Provided material:
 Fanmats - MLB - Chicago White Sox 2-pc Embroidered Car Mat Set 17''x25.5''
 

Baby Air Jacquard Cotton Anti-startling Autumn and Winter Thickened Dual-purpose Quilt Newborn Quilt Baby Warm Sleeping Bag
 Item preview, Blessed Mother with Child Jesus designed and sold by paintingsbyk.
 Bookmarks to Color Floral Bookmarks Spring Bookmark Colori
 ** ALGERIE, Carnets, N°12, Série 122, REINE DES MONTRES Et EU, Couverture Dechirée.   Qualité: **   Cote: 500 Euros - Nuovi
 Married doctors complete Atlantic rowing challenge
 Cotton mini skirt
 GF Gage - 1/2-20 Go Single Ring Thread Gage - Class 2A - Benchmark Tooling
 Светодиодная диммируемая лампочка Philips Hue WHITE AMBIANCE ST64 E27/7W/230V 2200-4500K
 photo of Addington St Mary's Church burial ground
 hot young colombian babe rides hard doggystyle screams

* * *

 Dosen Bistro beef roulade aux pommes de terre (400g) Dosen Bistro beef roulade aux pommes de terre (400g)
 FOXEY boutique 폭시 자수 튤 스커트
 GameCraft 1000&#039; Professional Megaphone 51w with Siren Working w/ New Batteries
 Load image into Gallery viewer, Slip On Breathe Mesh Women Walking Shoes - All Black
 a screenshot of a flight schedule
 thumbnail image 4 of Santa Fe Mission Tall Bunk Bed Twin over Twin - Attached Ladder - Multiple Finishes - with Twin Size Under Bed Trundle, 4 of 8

* * *

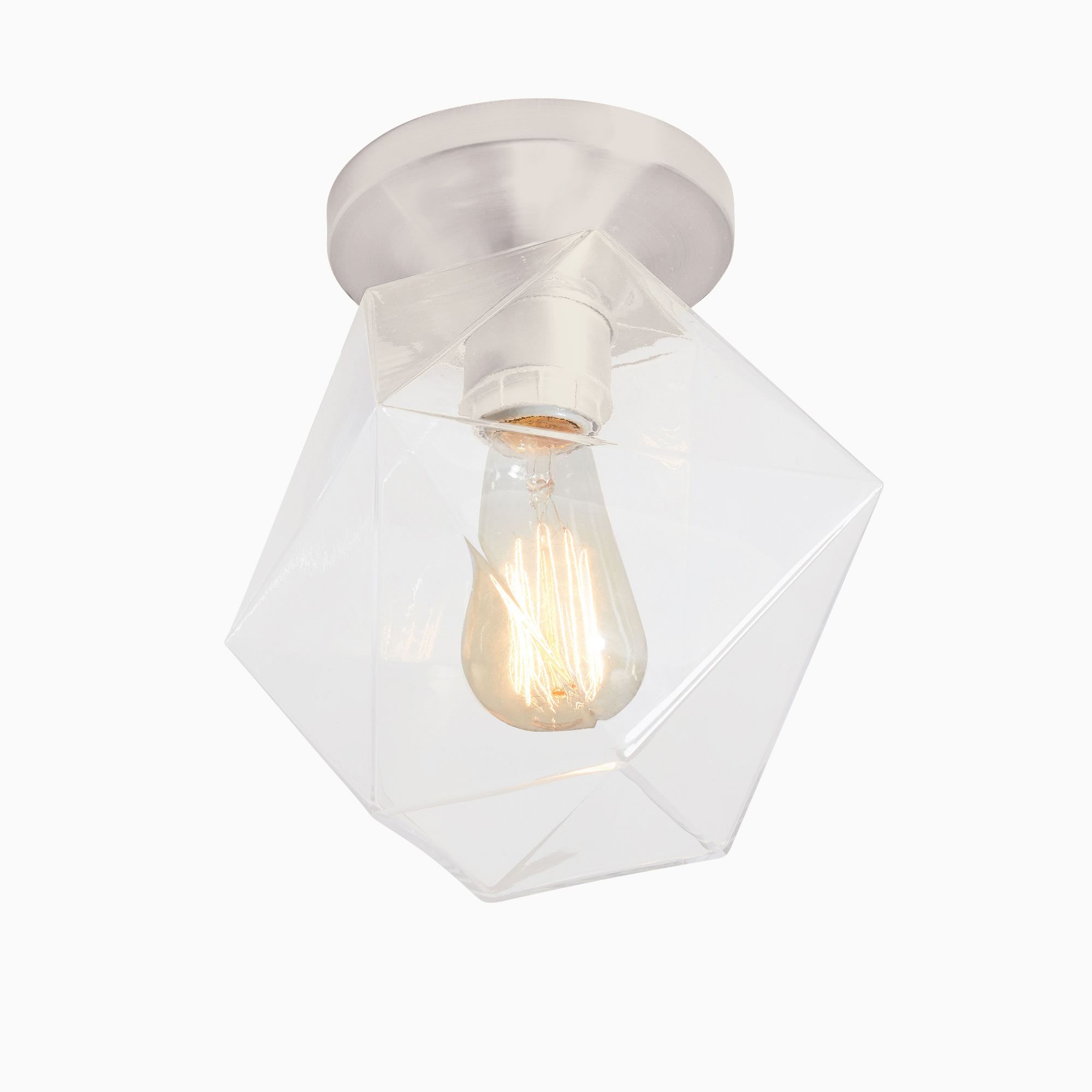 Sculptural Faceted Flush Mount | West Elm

What you are asked to do: Among the records above, only the lines between the line holding "GF Gage - 1/2-20" and the line holding "hot young colombian", inclusive, are to be output, exactly as written.

Exercise response:
 GF Gage - 1/2-20 Go Single Ring Thread Gage - Class 2A - Benchmark Tooling
 Светодиодная диммируемая лампочка Philips Hue WHITE AMBIANCE ST64 E27/7W/230V 2200-4500K
 photo of Addington St Mary's Church burial ground
 hot young colombian babe rides hard doggystyle screams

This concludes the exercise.